What is required
Make an exact copy of all the records, one that contains none of the pictures.

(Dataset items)
■ ■ ■

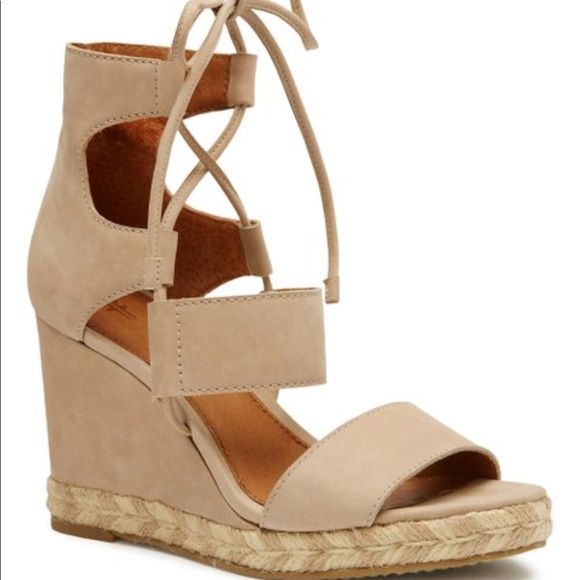 NWT💛Frye Roberta Ghillie Suede Wedge Sandal - Picture 4 of 8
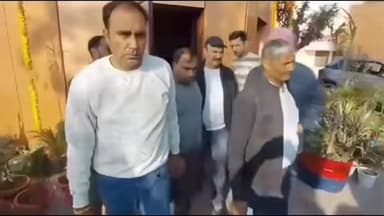 खेकड़ा: तहसील बड़ौत में नायब तहसीलदार का पेशकार ₹10,000 की रिश्वत लेते एंटी करप्शन टीम ने रंगे हाथों पकड़ा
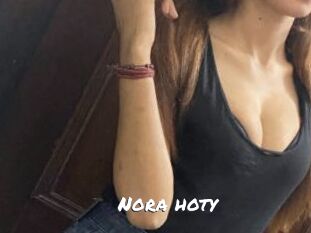 Nora_hoty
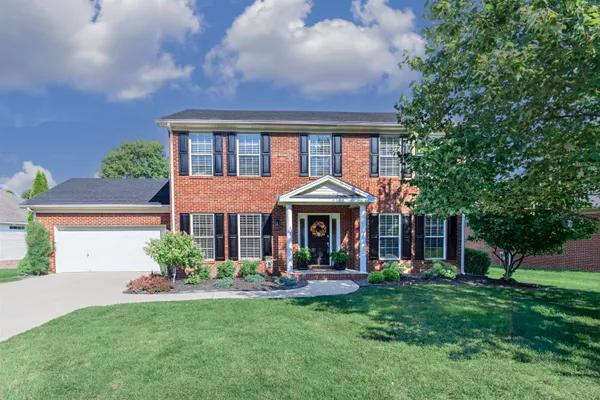 $494,500 | 308 South Hill Road, Versailles, KY 40383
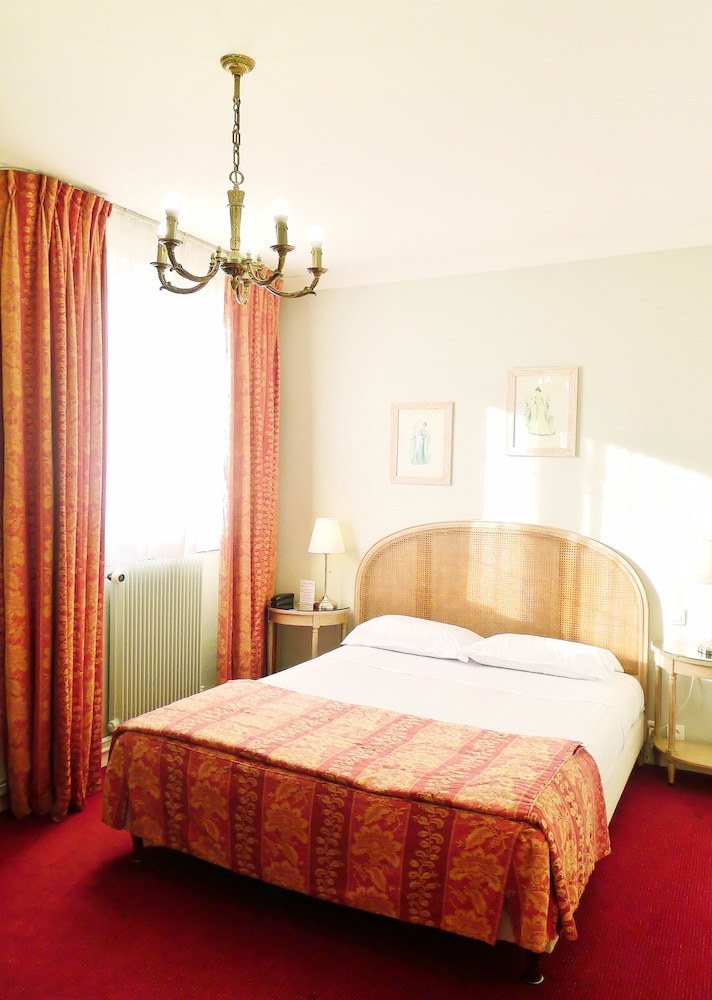 Grand Hotel Des Templiers 17/68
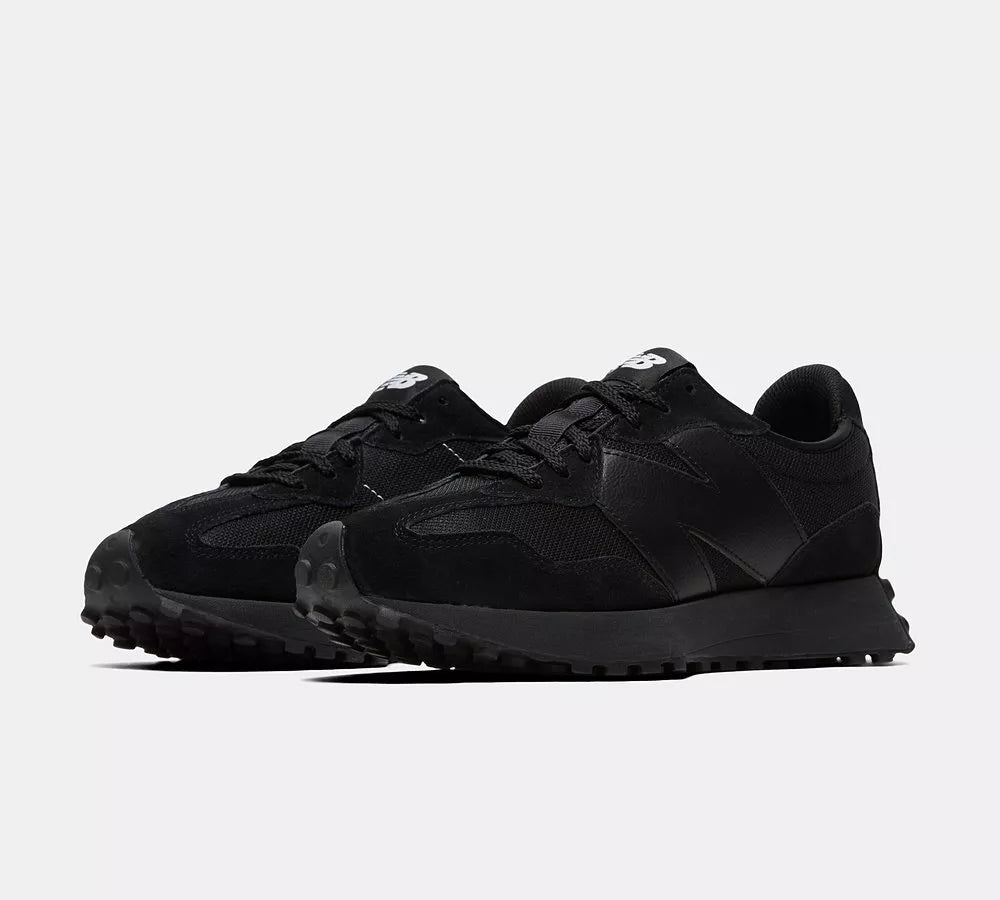 New Balance 327 Trainers in Triple Black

■ ■ ■

Result for this exercise
 NWT💛Frye Roberta Ghillie Suede Wedge Sandal - Picture 4 of 8
 खेकड़ा: तहसील बड़ौत में नायब तहसीलदार का पेशकार ₹10,000 की रिश्वत लेते एंटी करप्शन टीम ने रंगे हाथों पकड़ा
 Nora_hoty
 $494,500 | 308 South Hill Road, Versailles, KY 40383
 Grand Hotel Des Templiers 17/68
 New Balance 327 Trainers in Triple Black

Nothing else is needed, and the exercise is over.